System performance was most often characterized by frame rate, system display lag, co-registration error, and calibration error. A major challenge of AR is the integration of virtual imagery with real objects and environments. Accurate image-to-patient co-registration is needed for surgical navigation. Several papers described novel co-registration methods, such as the use of externally affixed fiducial markers [87], manual image placement through hand gestures [79], automatic co-registration based on selected virtual points [8], or tracking of 3D surface features [137]. After initial co-registration, intraoperative physiological movements and shifting of tissue require continuous monitoring and corrections to ensure accuracy throughout the procedure. Physiological movement, such as breathing and heartbeat, can cause rhythmic co-registration errors [210,211,212]. User movement profiles also introduce varying levels of registration error [152]. Compensation for these movements may require advanced algorithms for motion correction.

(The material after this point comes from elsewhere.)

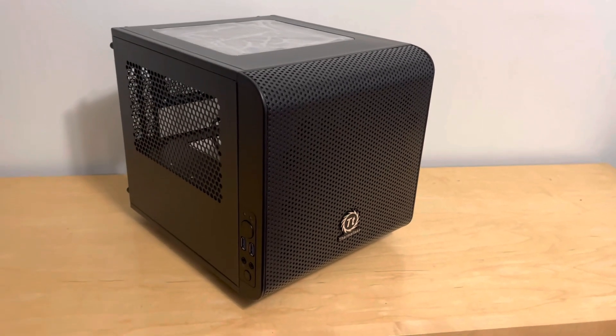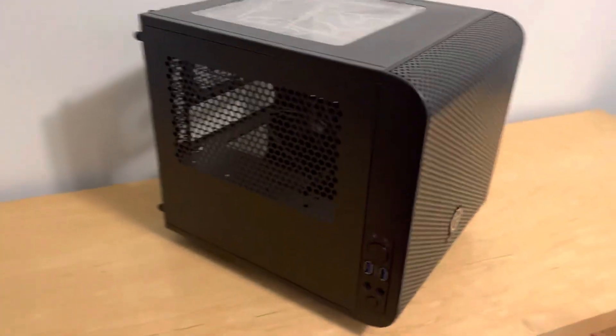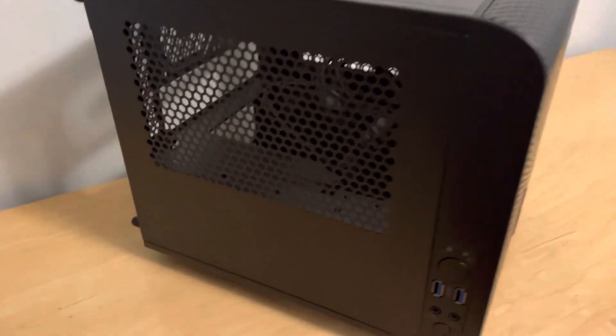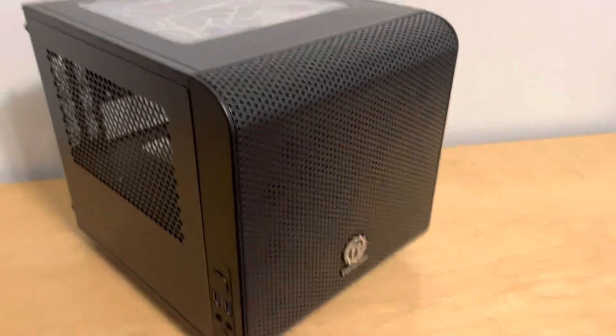This is the Thermaltake Core 6, and it's a cube case. I think this case is very good because there's a lot of ports, I like the power button on the side, there's a nice glass panel, and inside, if you can see there, we have a 200 millimeter front fan.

Another source of co-registration error is intraoperative tissue shifting due to handling or removal of tissue. The use of intraoperative imaging has been used to maintain co-registration during these shifts. Ultrasound methods have been demonstrated for brain shift in neuro-oncology [78], orthopedic surgery at the pelvis [33], and pedicle screw placement [51]. El-Hariri, Pandey [33] reported RMS co-registration errors ranging from 3.22 to 28.30 mm, which they deemed promising but insufficient for surgical applications. These results suggest the need for studies of image co-registration to establish error thresholds for intraoperative use.
Another aspect of system performance considered for AR HMDs was the effectiveness of the user interface under varying conditions. Kubben and Sinlae [72] evaluated the effects of various lighting conditions and colors of the surgeon’s gloves on hand gesture recognition for manipulation of virtual objects. While the authors reported that there were no noticeable differences across conditions for the HoloLens, similar analyses may be informative for other commercially available or custom-built AR HMDs for surgical use.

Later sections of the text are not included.